During his tenure as U.S. attorney for New York's Southern District, Bharara has made the rounds at the country's best business schools, lecturing on ethics and compliance in what he calls his version of Scared Straight.

His audiences, though, are far from frightened. Instead, students invariably ask him how close they can get to the line without crossing it.

Bharara rejects the premise of the question.

“It's like a driver constantly trying to game just how close to the legal alcohol limit he can come without getting a DUI,” he said during a discussion this month with financial writers at the CUNY Graduate School of Journalism. “How long before that driver hurts someone?”

Bharara's effort to promote compliance highlights business schools' responsibility for their students' moral training. While Wall Street has come under attack for tawdry practices leading up to the financial crisis, not to mention Bharara's insider trading prosecutions, business schools have been criticized for years for failing to instill ethics into their students.

“There's no prescription for a bad apple,” he said of that cultural influence. “But an apple is more likely to rot in certain environments than in others.”

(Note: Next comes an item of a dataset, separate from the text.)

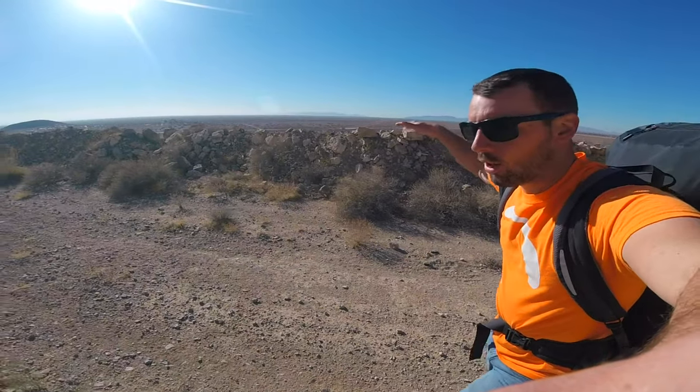I'm wearing orange because there's people on either side of me that are shooting at this same mountain that I'm about to climb. So thankfully, I have this little wall and I can stay to this side of the path. So if they do shoot towards me, hopefully it'll go over me.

But Bruce Kogut, the director of Columbia Business School's Center for Leadership and Ethics, said that a school's influence, while critical, is also limited.

“We don’t teach right and wrong,” Kogut said. “We feel people walk into our programs already with more important life experiences in that dimension.”

Instead, Kogut said, “We put out a sense of what it means to be a graduate from our institution, with our professional expectations, and we also give them the tools with which to respond to an ethical challenge.”

Bharara has focused on insider trading since his appointment by President Barack Obama in August of 2009. Of the 47 people he has charged with that offense, 35 have pleaded guilty or been convicted at trial, most notably Raj Rajaratnam, the billionaire investor who ran the Galleon Group hedge fund.